Marvelous, because having the cast of just 10 actors double as their own accompanying musicians lets us hear the wonderfully consonant dissonances of Sondheim's score more clearly than ever; stripping the music bare reveals its coolly coherent structure and seemingly effortless flow. And terrible, because without the technical dazzle of a big Broadway musical to distract us, the grim horror of Sweeney's story is laid bare, too.
It feels truer to the spirit of the piece, honestly, to do it this way, with boldly simple props and lighting on a nearly bare wooden stage, rather than as it appeared on Broadway in 1979, with a vast Victorian-factory set full of creepily ingenious contraptions. That was a stunning spectacle; this is a nightmare in a box.
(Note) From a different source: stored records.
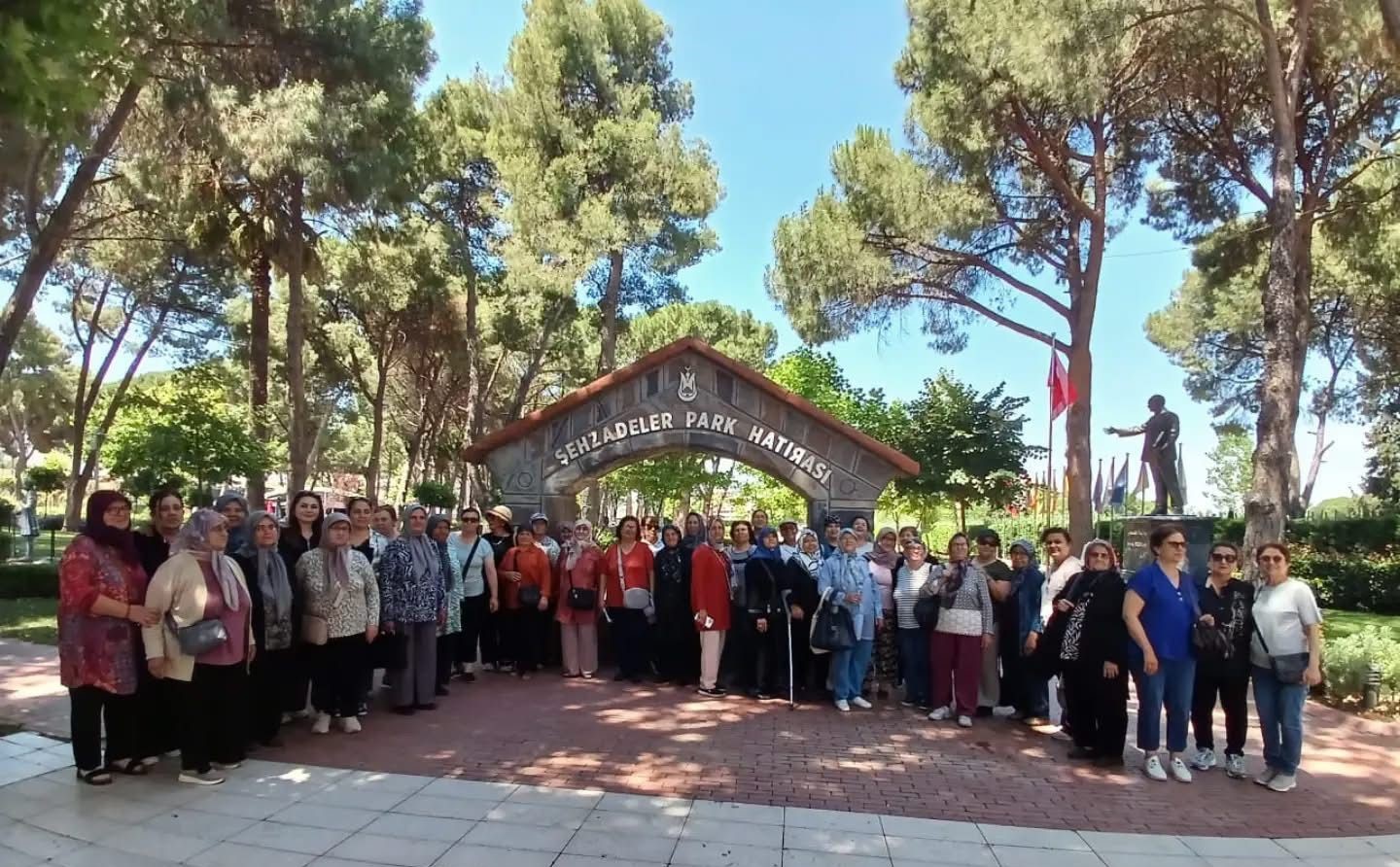 Sarıg&ouml;ll&uuml; kadınlar Manisa&rsquo;da tarih ve k&uuml;lt&uuml;r yolculuğuna &ccedil;ıktı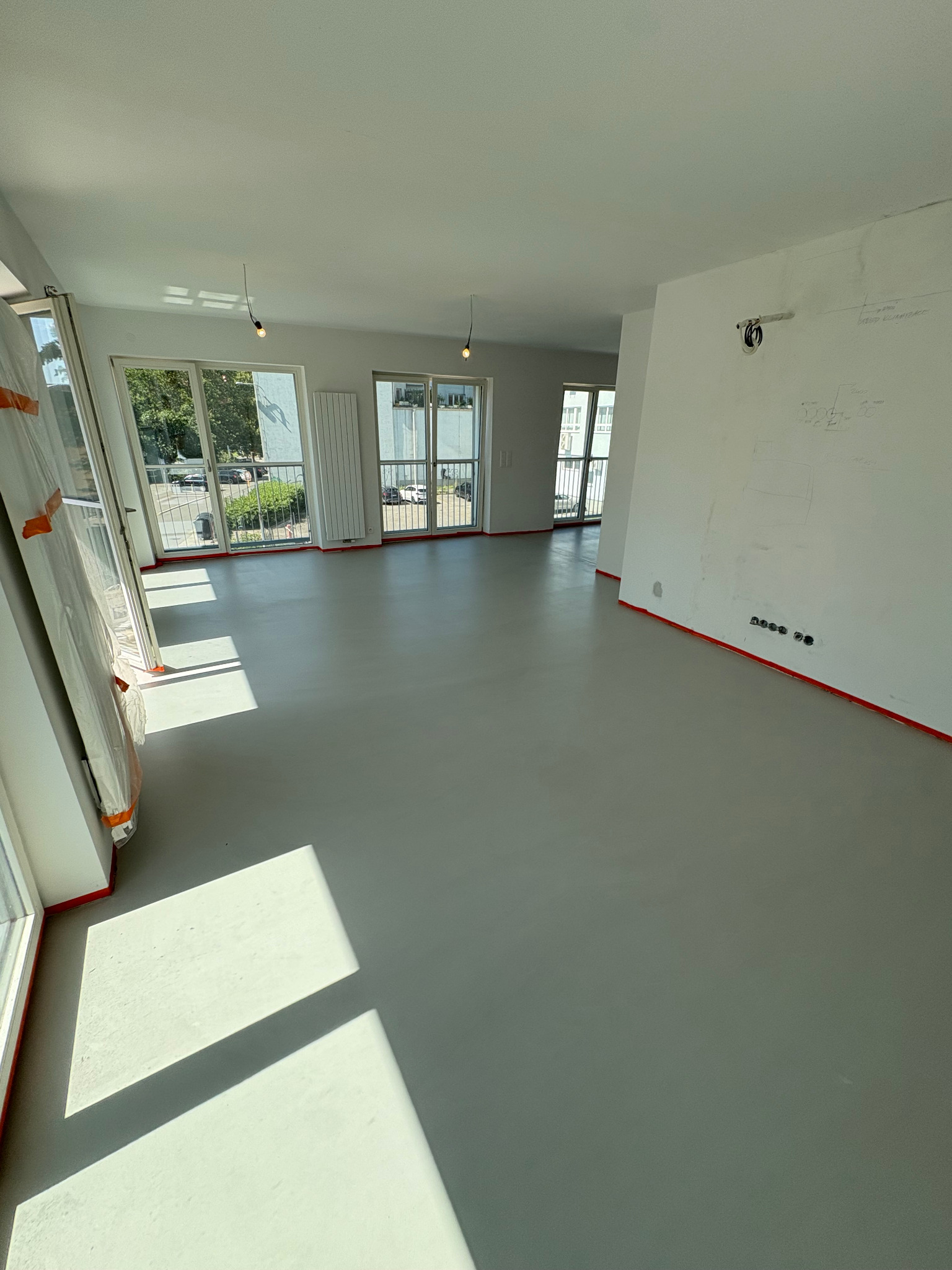 Ostrava 128m2 system quarelli hardpox + mata z włókna szklanego. Kolor Milano + 2 krople zielonego barwnika.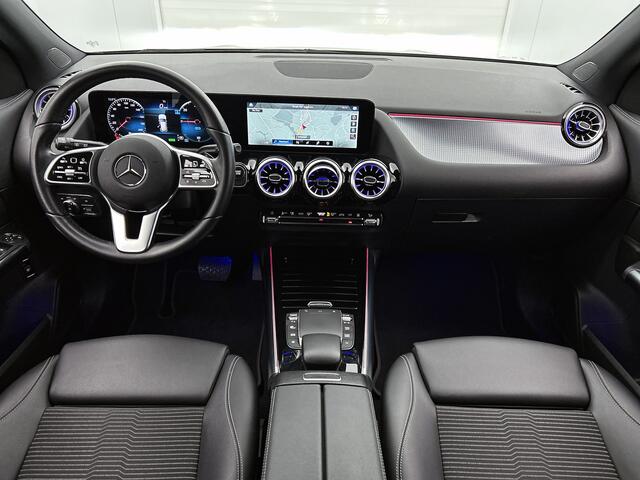 Mercedes-Benz EQA 250 Business Solution Luxury 67 kWh Ledkoplampen | Parkeerpakket met achteruitrijcamera | Stoelverwarming | Sfeerverlichting | Dodehoekassist. Inclusief 24 maanden MB Certified garantie voor Europa.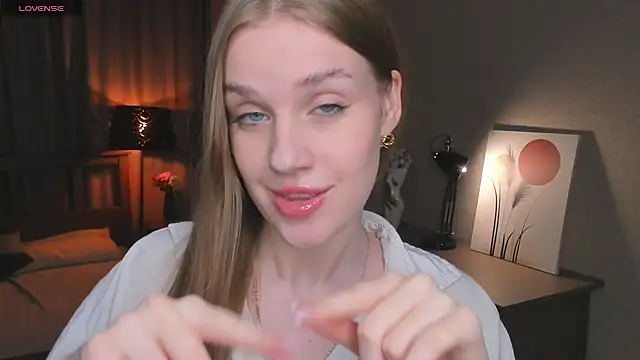 OdellaFrake live sex cam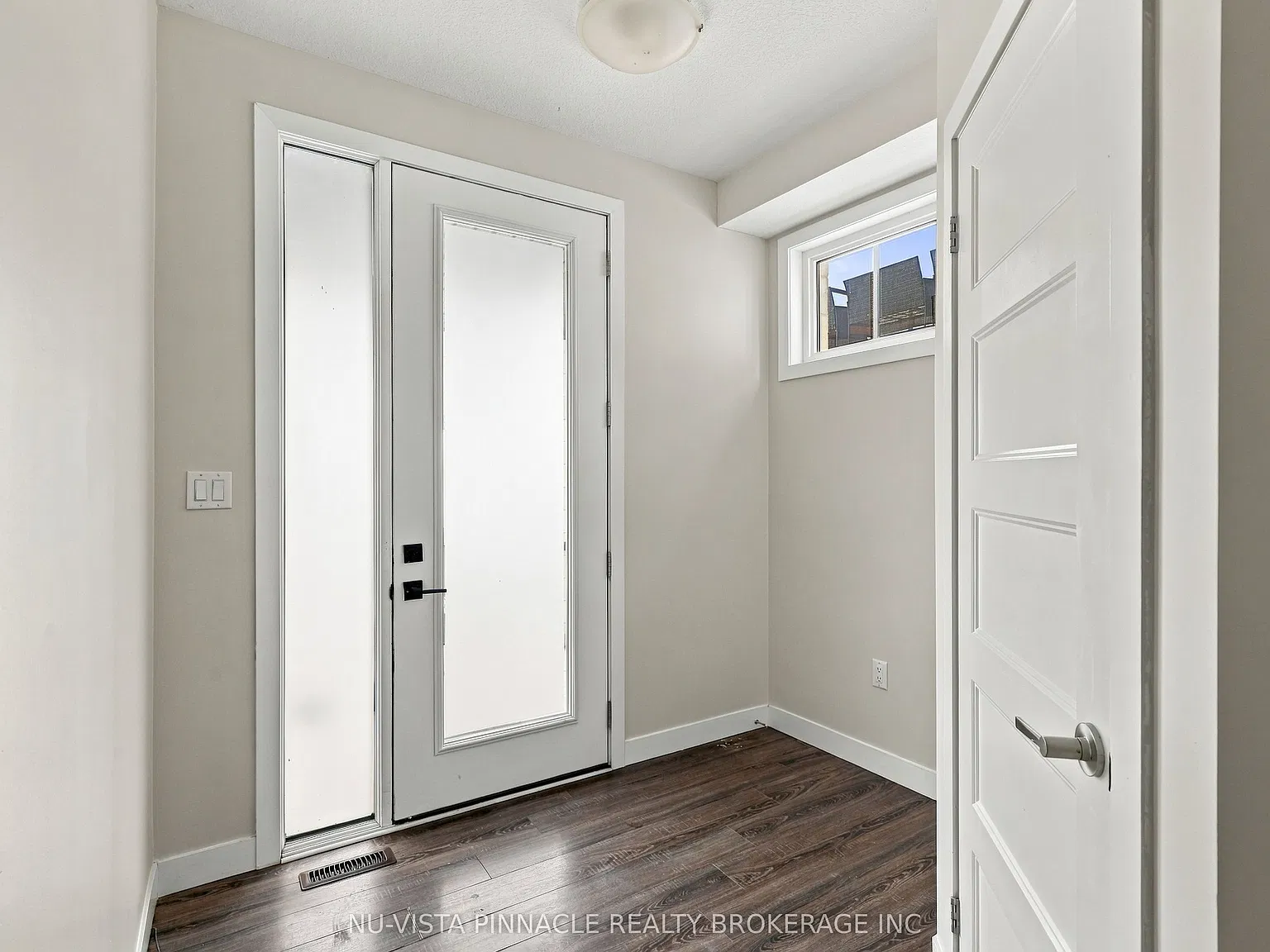 3 bed, $2,550 — Photo 4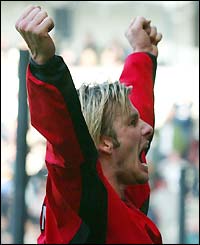 David Beckham celebrates as Ole Gunnar Solskjaer scores in the 90th minute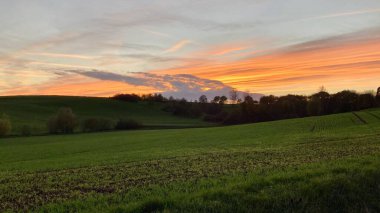 Muhteşem bulutlarla harika bir gün batımı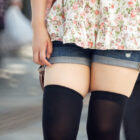 エッチな美少女がニーソでオトナの悪戯してくれる画像のエロさは尋常じゃない[40枚]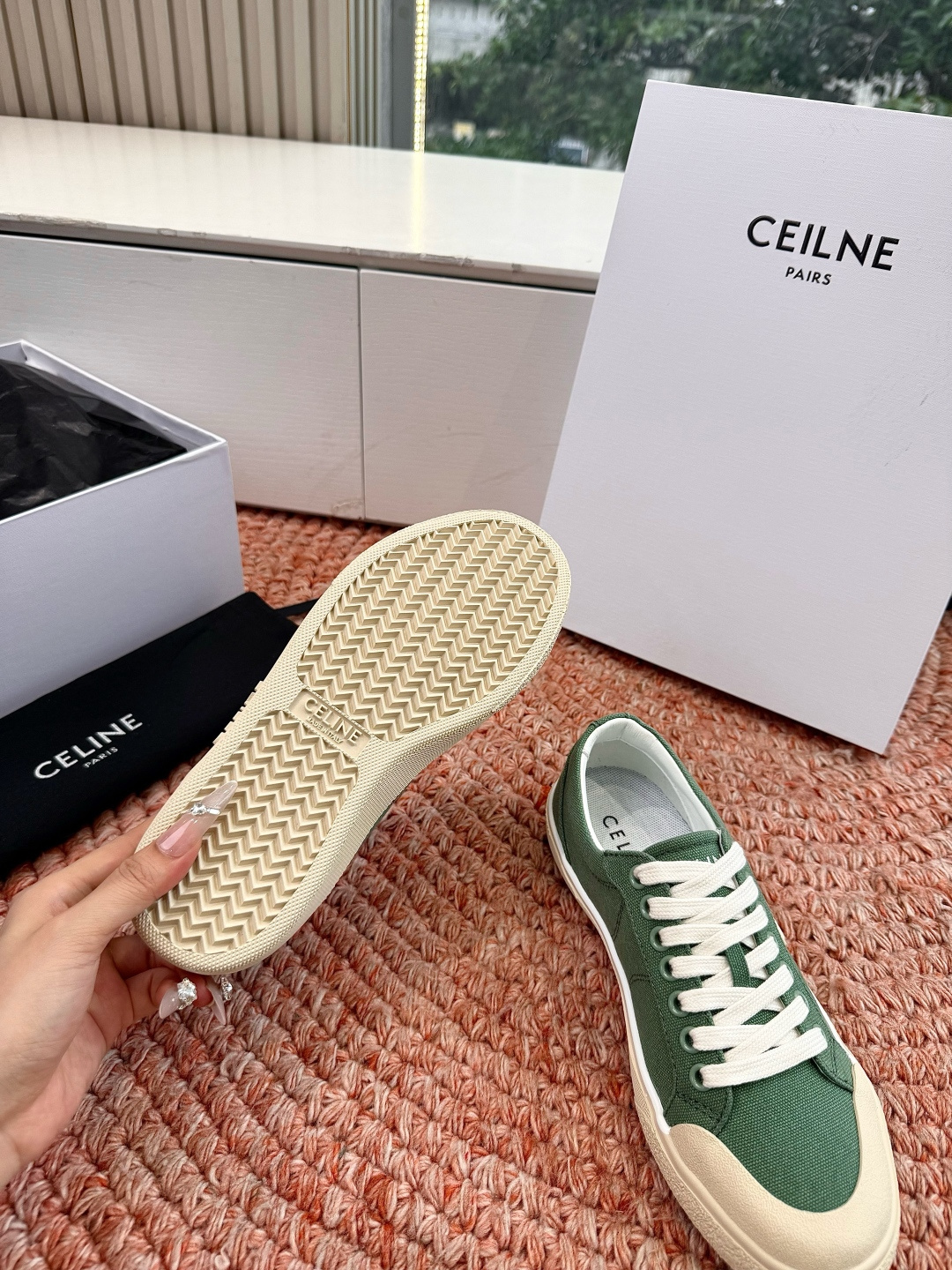 셀린느(CELINE) 트리오페 로고 스니커즈 신발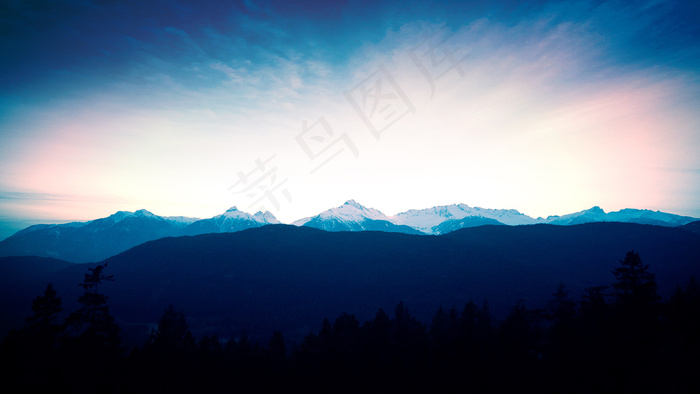 蓝天青山 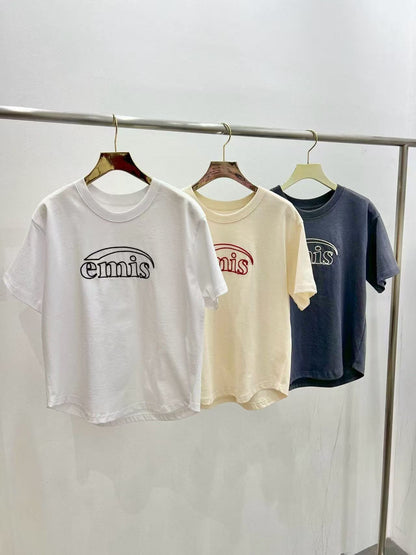 韓國直送Minimalist Emis Tee - HLY &amp; CHOCCICO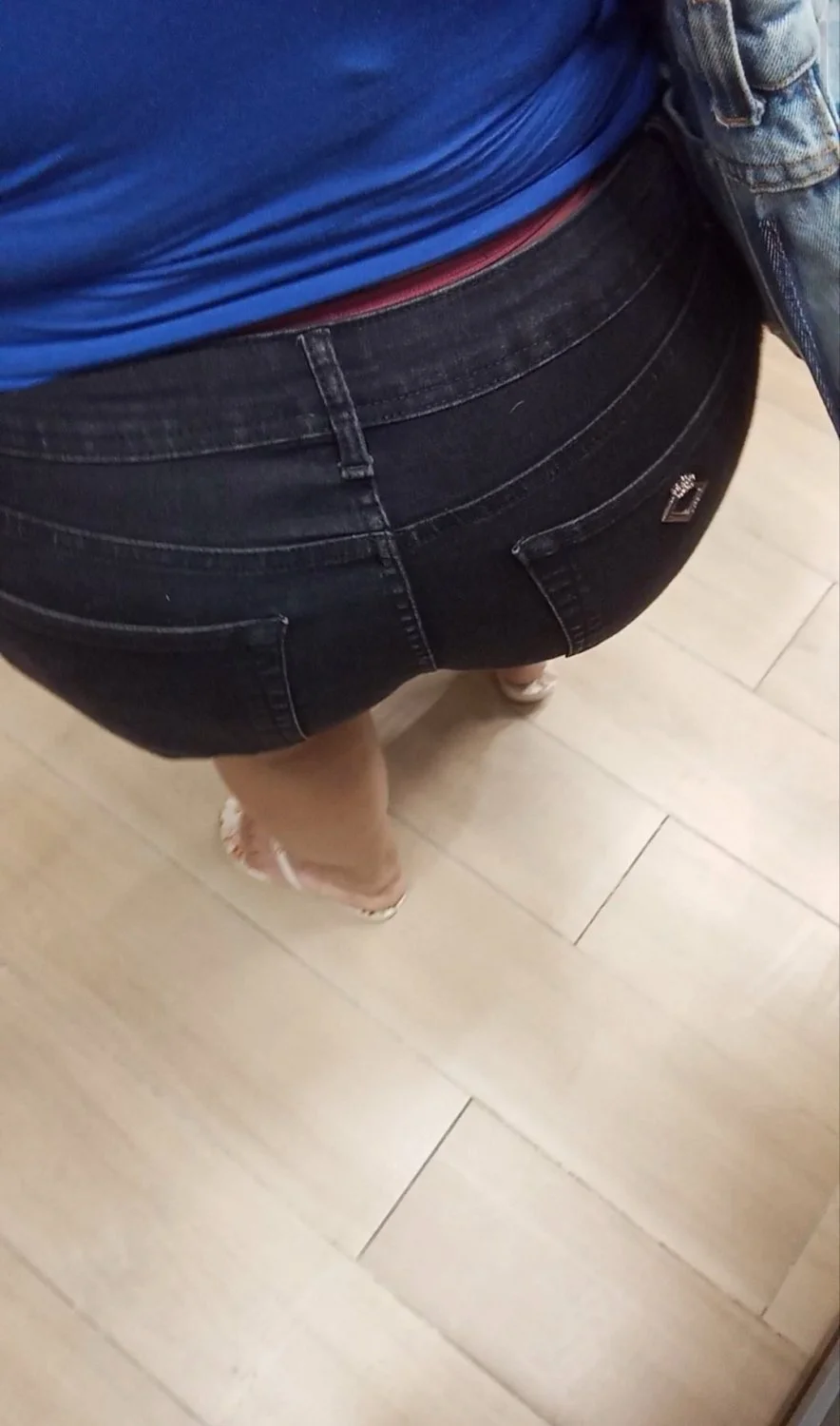 Coroa gorda do rabo grande fazendo compras image 18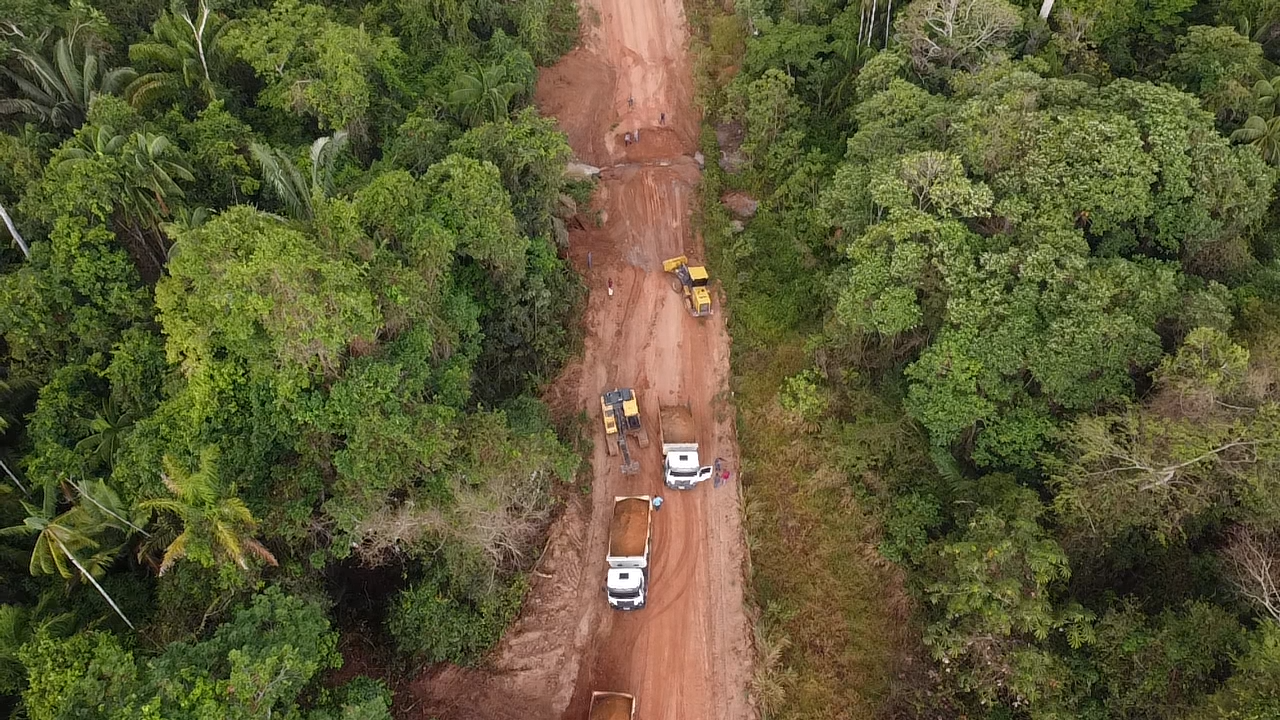 SANTA LUZIA DO OESTE: Prefeitura segue trabalhando de forma árdua nas vicinais do município
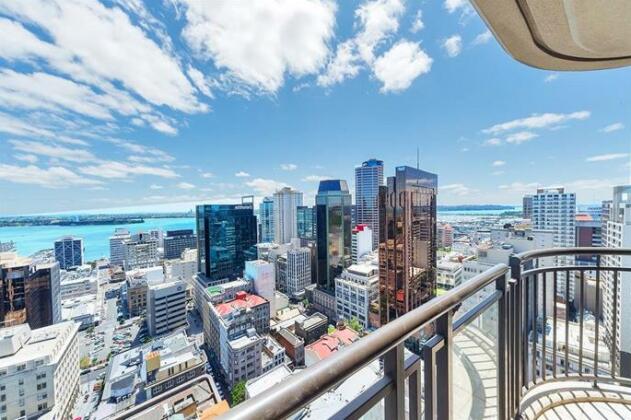 Glorious Metropolis High Life Apartment - Photo5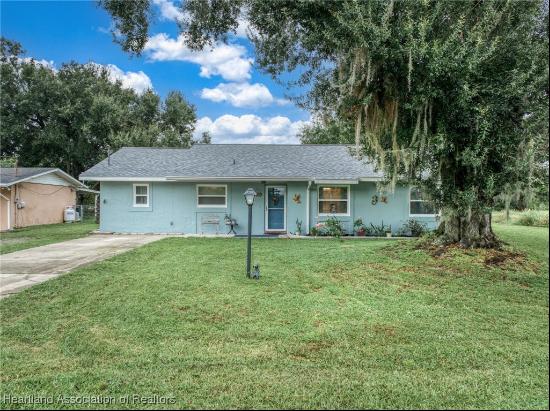 703 Lake Betty Drive, Lake Placid FL 33852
If we find it terrifying to be in that box, we also know that's exactly how we're supposed to feel.
What separates Sondheim's respectful admirers from his rabid devotees is the willingness to embrace his bleak, despairing vision of humanity, and that willingness has never been tested more strenuously than by "Sweeney Todd." This is, after all, a musical about a man who wreaks vengeance by butchering people with a razor and having his landlady bake them into pies. More than that, it's a musical that ends by declaring that Sweeney Todd is everywhere, that any of us, tormented enough by the powerful villains who control society, would turn as remorselessly murderous as he.
My own pessimism doesn't extend quite that far. So for all my admiration of "Sweeney Todd," which is considerable, its cruelty casts a chill over my enthusiasm. That said, Doyle's vision of the piece - closer to opera than to musical theater - makes it a clearer, sharper, and more subtly disturbing experience than before. He cuts with a scalpel, not an ax.
This first national tour also includes several actors from the New York production, along with veterans of other Sondheim shows, and their mastery of its instrumental and vocal demands helps the streamlined staging move with smooth precision. David Hess gives Sweeney Todd a truly frightening grin - cross Kelsey Grammer with Frankenstein's monster, and you've got the idea. His voice sounded a bit constrained in the high notes last night, but otherwise his air of barely contained destructive fury served to underscore the demon barber's frightening hunger for vengeance.
Judy Kaye, meanwhile, is nastily hilarious as the pie-baking Mrs. Lovett. In her Betty Crocker flip and Weimar fishnets, she's smilingly pragmatic, gleefully amoral, and amusing right up until she's terrifying. Kaye's rich voice and impeccable comedic skills do add a welcome warmth to some of her best moments: "A Little Priest," that classic marriage of wit and gore that closes the first act, and anything involving a tuba. The cellos wielded by the young lovers may seem like more likely instruments for this score, but, oh, that tuba. It's almost enough to make you burst into a healthy, unironic grin - "Todd" forbid.